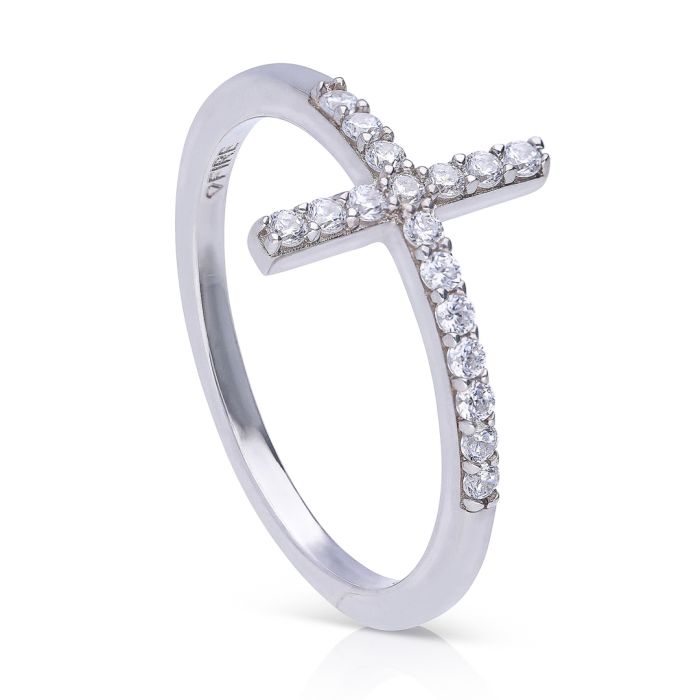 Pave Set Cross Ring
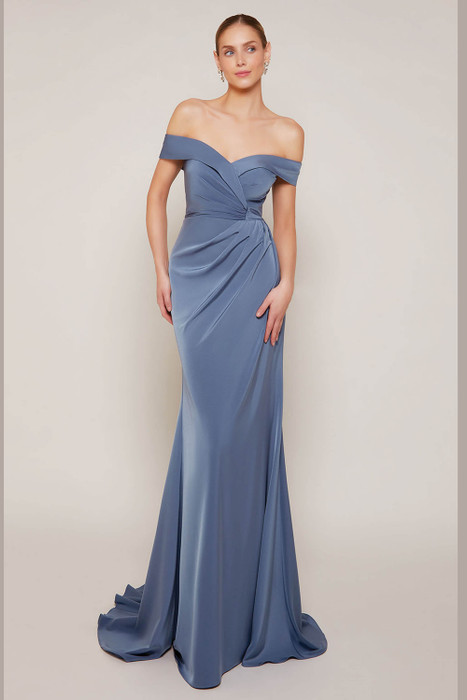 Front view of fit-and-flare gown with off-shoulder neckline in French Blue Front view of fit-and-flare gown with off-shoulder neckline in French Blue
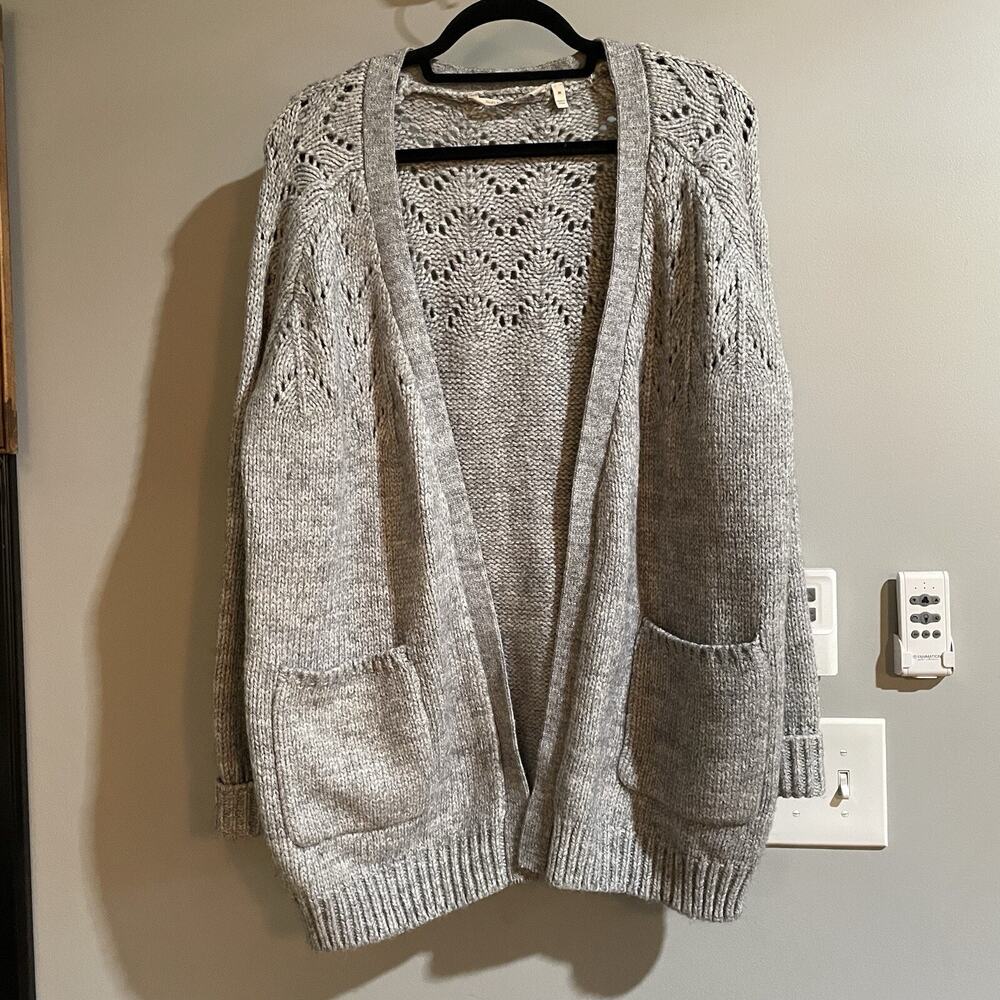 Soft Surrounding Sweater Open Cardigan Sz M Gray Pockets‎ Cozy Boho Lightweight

★ ★ ★

### What the task asks
Leave every image out, and retype the material exactly.

### Result
 Pave Set Cross Ring
 Front view of fit-and-flare gown with off-shoulder neckline in French Blue Front view of fit-and-flare gown with off-shoulder neckline in French Blue
 Soft Surrounding Sweater Open Cardigan Sz M Gray Pockets‎ Cozy Boho Lightweight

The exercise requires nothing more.